What is being asked: As soon as the line containing "New 2026 Land" appears in the material below, start returning lines exactly, and end with the line containing "29.06.2025 - hella".

Record extracts:
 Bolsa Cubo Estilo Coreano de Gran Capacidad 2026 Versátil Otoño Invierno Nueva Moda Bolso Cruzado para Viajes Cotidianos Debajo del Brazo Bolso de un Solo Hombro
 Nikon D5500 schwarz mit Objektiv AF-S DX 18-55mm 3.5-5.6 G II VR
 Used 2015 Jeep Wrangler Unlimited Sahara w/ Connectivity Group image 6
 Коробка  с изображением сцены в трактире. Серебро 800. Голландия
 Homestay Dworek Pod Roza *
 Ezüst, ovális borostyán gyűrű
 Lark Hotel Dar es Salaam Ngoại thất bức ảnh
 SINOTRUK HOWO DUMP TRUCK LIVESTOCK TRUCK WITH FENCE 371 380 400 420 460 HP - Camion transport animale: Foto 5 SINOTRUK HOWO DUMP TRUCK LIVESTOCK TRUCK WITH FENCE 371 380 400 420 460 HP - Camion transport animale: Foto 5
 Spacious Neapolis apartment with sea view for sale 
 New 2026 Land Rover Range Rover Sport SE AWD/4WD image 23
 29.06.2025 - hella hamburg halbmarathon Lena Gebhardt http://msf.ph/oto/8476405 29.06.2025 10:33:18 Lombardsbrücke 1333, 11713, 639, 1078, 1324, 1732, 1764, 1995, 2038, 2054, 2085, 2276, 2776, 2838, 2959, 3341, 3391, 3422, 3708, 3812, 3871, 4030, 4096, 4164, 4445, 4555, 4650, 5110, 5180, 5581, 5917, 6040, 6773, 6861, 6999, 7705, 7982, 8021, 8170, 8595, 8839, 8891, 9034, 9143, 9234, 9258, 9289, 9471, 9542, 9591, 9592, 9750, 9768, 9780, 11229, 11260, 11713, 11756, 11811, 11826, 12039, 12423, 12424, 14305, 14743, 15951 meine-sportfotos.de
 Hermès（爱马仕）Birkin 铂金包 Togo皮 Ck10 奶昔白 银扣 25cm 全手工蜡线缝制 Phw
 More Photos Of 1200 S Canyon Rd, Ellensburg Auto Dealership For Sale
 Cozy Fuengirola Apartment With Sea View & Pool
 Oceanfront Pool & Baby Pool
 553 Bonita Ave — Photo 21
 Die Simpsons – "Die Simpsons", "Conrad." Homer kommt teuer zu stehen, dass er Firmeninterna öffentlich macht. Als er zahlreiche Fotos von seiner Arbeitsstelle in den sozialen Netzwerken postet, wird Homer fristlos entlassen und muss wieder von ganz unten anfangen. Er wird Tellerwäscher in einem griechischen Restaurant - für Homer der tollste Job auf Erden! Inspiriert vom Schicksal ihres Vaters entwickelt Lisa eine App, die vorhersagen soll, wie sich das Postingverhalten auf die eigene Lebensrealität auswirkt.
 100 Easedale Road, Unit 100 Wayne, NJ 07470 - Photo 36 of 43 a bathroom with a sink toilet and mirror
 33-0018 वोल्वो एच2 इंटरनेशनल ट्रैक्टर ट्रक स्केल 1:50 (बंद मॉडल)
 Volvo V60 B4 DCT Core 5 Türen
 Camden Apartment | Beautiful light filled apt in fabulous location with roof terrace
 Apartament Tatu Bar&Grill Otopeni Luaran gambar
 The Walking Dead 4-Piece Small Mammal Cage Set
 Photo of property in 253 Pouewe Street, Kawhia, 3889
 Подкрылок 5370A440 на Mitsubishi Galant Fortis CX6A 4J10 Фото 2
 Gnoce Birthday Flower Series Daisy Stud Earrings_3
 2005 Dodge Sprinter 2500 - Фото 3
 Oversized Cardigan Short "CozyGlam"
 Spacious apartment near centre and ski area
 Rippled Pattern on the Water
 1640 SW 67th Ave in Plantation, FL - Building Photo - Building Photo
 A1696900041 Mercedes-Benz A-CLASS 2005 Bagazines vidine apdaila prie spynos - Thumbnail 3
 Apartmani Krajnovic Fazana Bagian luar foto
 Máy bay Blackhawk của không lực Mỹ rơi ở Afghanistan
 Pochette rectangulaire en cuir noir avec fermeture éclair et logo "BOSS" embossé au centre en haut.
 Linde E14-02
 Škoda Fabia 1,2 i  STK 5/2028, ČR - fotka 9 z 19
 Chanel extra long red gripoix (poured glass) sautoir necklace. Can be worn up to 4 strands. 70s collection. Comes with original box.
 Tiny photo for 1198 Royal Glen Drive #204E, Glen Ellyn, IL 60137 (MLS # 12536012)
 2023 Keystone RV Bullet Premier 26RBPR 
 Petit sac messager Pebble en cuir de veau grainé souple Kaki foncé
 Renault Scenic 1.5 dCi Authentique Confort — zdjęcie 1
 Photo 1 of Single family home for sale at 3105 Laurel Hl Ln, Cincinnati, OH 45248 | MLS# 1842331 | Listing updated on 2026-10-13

Problem solution:
 New 2026 Land Rover Range Rover Sport SE AWD/4WD image 23
 29.06.2025 - hella hamburg halbmarathon Lena Gebhardt http://msf.ph/oto/8476405 29.06.2025 10:33:18 Lombardsbrücke 1333, 11713, 639, 1078, 1324, 1732, 1764, 1995, 2038, 2054, 2085, 2276, 2776, 2838, 2959, 3341, 3391, 3422, 3708, 3812, 3871, 4030, 4096, 4164, 4445, 4555, 4650, 5110, 5180, 5581, 5917, 6040, 6773, 6861, 6999, 7705, 7982, 8021, 8170, 8595, 8839, 8891, 9034, 9143, 9234, 9258, 9289, 9471, 9542, 9591, 9592, 9750, 9768, 9780, 11229, 11260, 11713, 11756, 11811, 11826, 12039, 12423, 12424, 14305, 14743, 15951 meine-sportfotos.de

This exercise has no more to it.